§ **AVAILABLE DATA**:
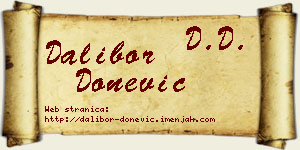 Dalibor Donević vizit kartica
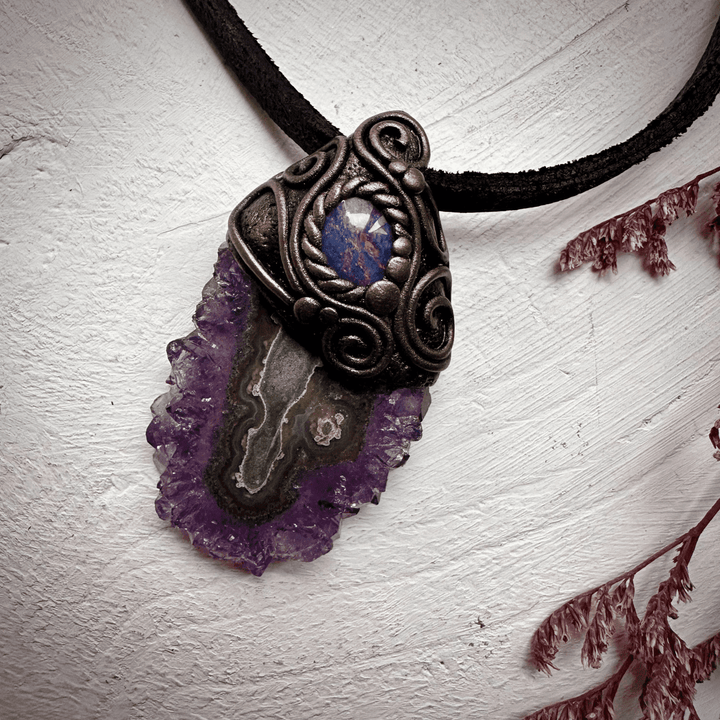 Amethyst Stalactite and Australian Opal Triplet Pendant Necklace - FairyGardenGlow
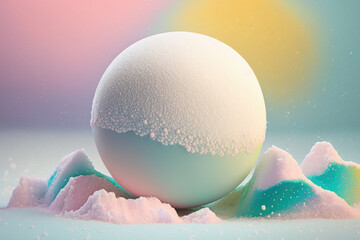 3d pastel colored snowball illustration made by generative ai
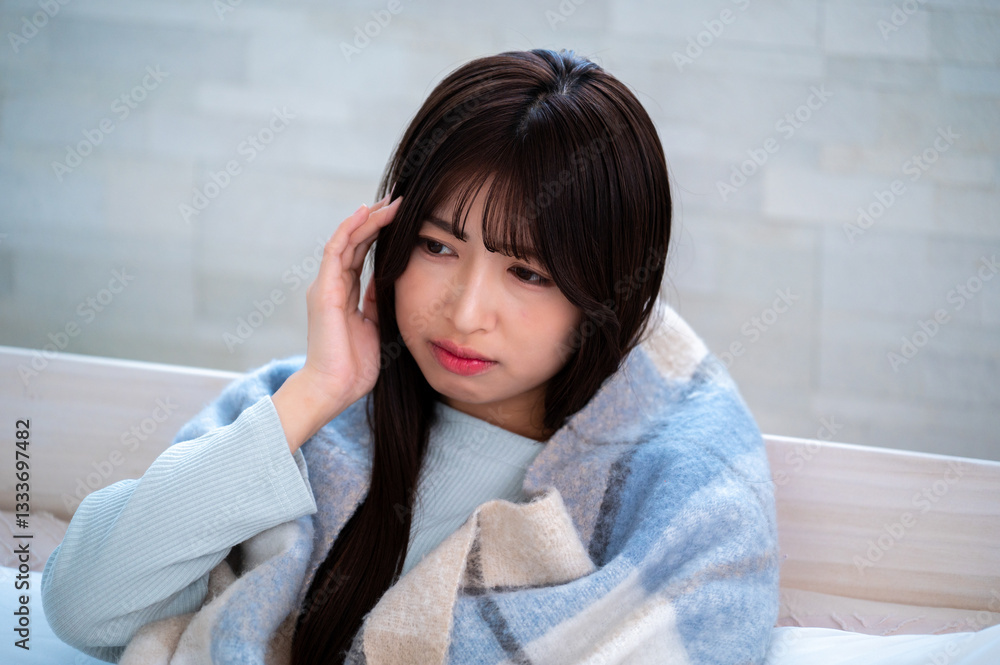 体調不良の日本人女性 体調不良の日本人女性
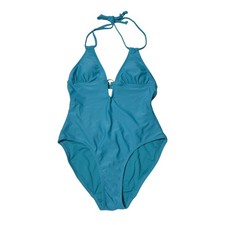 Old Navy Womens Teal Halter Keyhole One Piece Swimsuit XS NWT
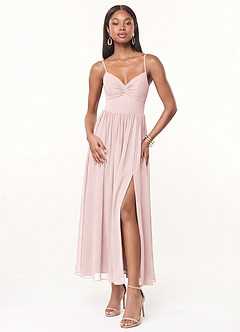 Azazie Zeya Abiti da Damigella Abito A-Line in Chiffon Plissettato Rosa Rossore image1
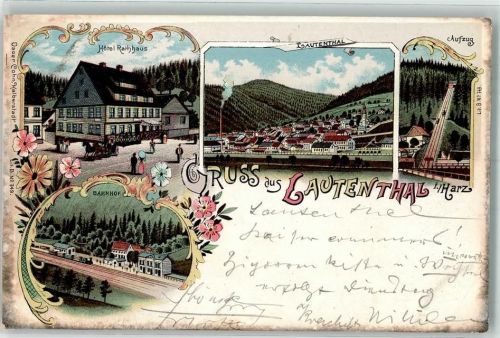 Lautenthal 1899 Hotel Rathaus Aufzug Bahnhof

§ **HOW TO COMPLETE THIS TASK**:
Word for word, print out all of the records above; pass over the pictures.

§ **RESPONSE TO THE TASK**:
 Dalibor Donević vizit kartica
 Amethyst Stalactite and Australian Opal Triplet Pendant Necklace - FairyGardenGlow
 3d pastel colored snowball illustration made by generative ai
 体調不良の日本人女性 体調不良の日本人女性
 Old Navy Womens Teal Halter Keyhole One Piece Swimsuit XS NWT
 Azazie Zeya Abiti da Damigella Abito A-Line in Chiffon Plissettato Rosa Rossore image1
 Lautenthal 1899 Hotel Rathaus Aufzug Bahnhof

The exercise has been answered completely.